Short web captions
------------
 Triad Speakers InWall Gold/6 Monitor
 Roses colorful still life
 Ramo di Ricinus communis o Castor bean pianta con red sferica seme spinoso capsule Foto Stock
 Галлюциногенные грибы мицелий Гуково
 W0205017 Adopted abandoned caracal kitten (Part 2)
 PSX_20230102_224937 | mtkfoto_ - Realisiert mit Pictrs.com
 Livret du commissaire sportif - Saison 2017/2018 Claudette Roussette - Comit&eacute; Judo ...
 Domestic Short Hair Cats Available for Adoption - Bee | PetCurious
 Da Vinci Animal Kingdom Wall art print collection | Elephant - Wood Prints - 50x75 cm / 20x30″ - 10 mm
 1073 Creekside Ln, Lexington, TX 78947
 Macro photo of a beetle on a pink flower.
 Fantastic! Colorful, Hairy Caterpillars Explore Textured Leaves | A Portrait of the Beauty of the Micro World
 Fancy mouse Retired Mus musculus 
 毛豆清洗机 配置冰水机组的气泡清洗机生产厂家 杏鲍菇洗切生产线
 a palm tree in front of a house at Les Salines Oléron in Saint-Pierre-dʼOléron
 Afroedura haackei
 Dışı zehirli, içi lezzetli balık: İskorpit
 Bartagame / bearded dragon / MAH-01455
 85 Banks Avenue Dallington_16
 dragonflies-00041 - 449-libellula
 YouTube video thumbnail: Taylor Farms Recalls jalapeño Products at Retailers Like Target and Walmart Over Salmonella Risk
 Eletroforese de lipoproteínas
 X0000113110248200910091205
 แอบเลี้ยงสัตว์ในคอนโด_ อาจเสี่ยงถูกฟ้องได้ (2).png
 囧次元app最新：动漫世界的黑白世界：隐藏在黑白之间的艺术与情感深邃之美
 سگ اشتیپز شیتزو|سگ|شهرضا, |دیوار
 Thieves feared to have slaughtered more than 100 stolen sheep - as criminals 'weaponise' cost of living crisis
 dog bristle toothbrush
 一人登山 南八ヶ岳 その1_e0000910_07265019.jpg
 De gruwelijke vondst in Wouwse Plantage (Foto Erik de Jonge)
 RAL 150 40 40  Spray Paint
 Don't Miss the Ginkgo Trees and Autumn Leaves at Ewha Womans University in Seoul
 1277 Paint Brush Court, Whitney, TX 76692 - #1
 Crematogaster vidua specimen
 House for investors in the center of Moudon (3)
------------
→ Work task
Where a line in the records above contains the string "Leaves", return that line.

→ Task output
 Fantastic! Colorful, Hairy Caterpillars Explore Textured Leaves | A Portrait of the Beauty of the Micro World
 Don't Miss the Ginkgo Trees and Autumn Leaves at Ewha Womans University in Seoul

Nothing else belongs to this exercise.